## YOUR INSTRUCTIONS
Write every line of the material again exactly, with no pictures in the copy.

## GIVEN DATA
== == ==

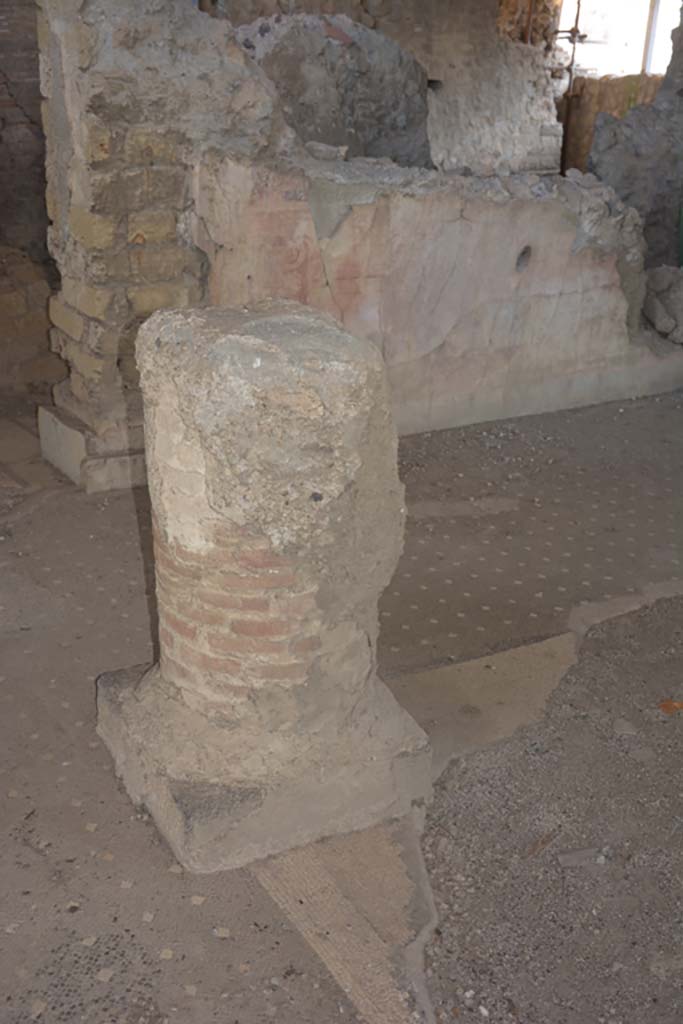 VI.17.41 Pompeii. September 2019. 
Atrium, part of remaining brick column with stucco covering, from north-west corner of impluvium.
Foto Annette Haug, ERC Grant 681269 DÉCOR.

== == ==

## ANSWER TO THIS EXERCISE
 VI.17.41 Pompeii. September 2019. 
Atrium, part of remaining brick column with stucco covering, from north-west corner of impluvium.
Foto Annette Haug, ERC Grant 681269 DÉCOR.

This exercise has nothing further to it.